ロケット廃材から生まれたスピーカーDEBRIS
2025年6月27日、東京・日本橋のホステルCITANでは、ロケット燃料タンクを再利用したスピーカー「DEBRIS」のリリースパーティーが開催され、多彩な来場者が集まりました。このイベントには、宇宙開発や素材科学に興味がある人々や、ダンスミュージックを楽しみたい来場者が耳を傾け、DEBRISの背景や楽曲を楽しむ特別な夜となりました。
DEBRISの誕生と意義
「DEBRIS」とは、北海道大樹町の民間ロケット試験用燃料タンクを改造して作られたスピーカーです。
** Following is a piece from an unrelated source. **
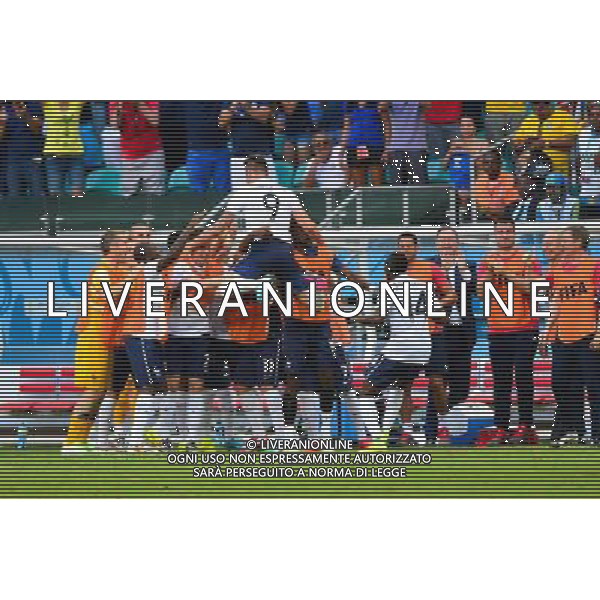 Joie France - Olivier GIROUD - 20.06.2014 - Suisse / France - Coupe du Monde 2014 - Photo : Dave Winter / Icon Sport /AGENZIA ALDO LIVERANI SAS - ITALY ONLY - Svizzera Vs Francia partita del Gruppo E Coppa del Mondo FIFA 2014 presso l\'Arena Stadio Fonte Nova di Salvador, in Brasile, il 20 giugno 2014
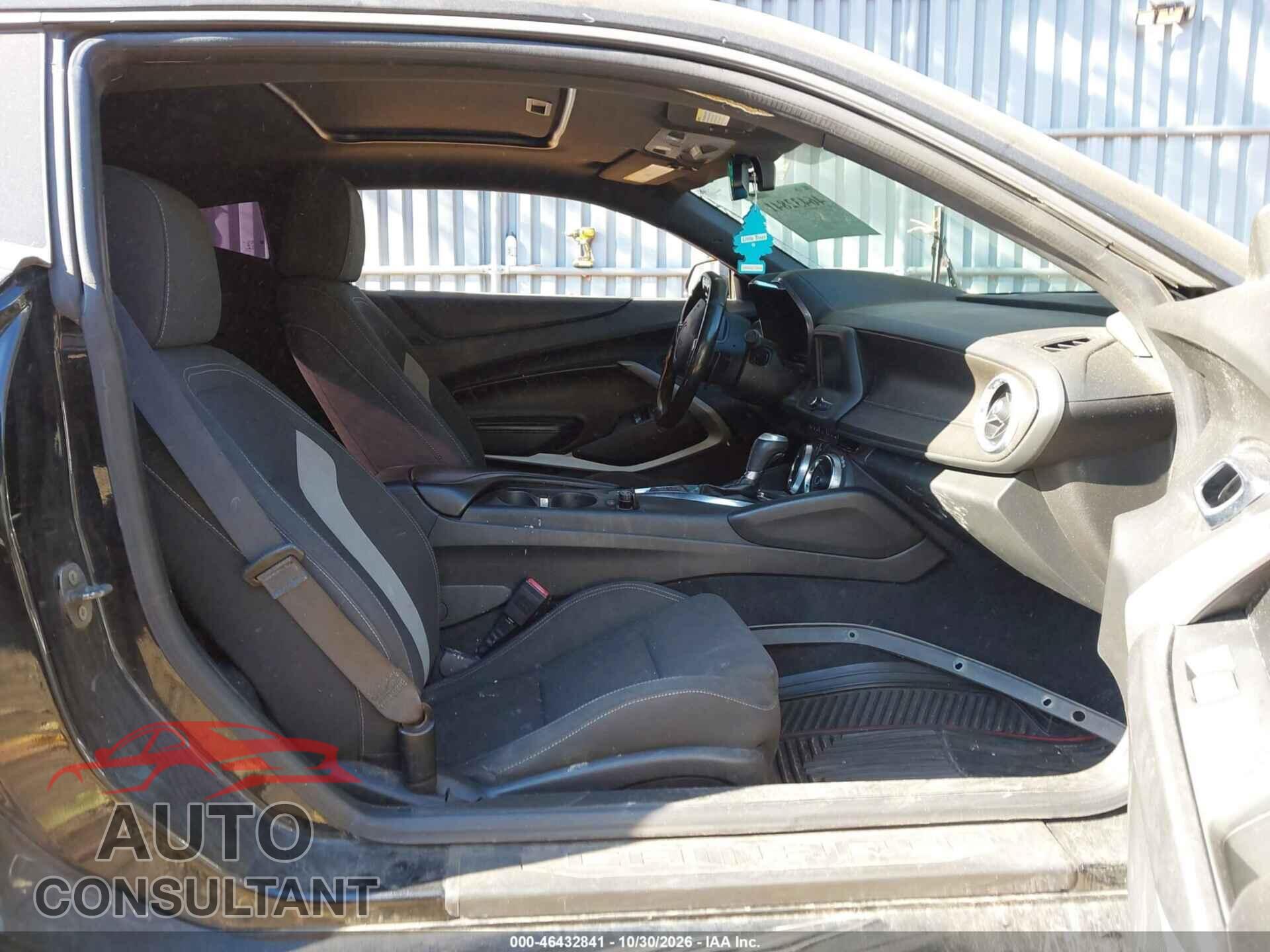CHEVROLET CAMARO 2018 - 1G1FB1RS7J0122542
このプロジェクトは、乃村工藝社のR&D部門「noon by material record」と「&SPACE PROJECT」が共同で進めています。このスピーカーはただの音響装置ではなく、素材、空間、音、そして物語が交わる特別な装置です。リリースイベントのテーマは「DEBRISが旅してきた時間と場所を感じること」であり、会場では北海道でのフィールドレコーディング音や自然音が再生され、宇宙と自然環境の両方が交わる音体験が来場者を魅了しました。
トークセッションと宇宙産業の未来
メディア向けの視聴会では、&SPACE PROJECTの中井章郎(DOKASEN)や、乃村工藝社の後藤慶久が登壇し、「DEBRIS」の開発背景や宇宙産業の現状について語りました。彼らは、宇宙産業が急速に進化しつつあり、その進展が私たちの生活に深く関わっていることを強調しました。さらに、北海道大樹町での商業宇宙港の建設が進む中、宇宙に関連する活動が広がっていくことを願っています。
DEBRISのデザインコンセプト
スピーカー「DEBRIS」のデザインを手掛けた小山田創(乃村工藝社)は、宇宙の音楽体験の可能性について深く掘り下げました。一般的なスピーカーの「正面」での音出しを排除し、360度に音が広がる無指向性を持たせることによって、宇宙空間での音体験を提供しています。その独特のデザインは、宇宙を思わせる質感と記憶を大切にしています。流れる音楽は、宇宙や時間について考えさせるきっかけになることを目指しているのです。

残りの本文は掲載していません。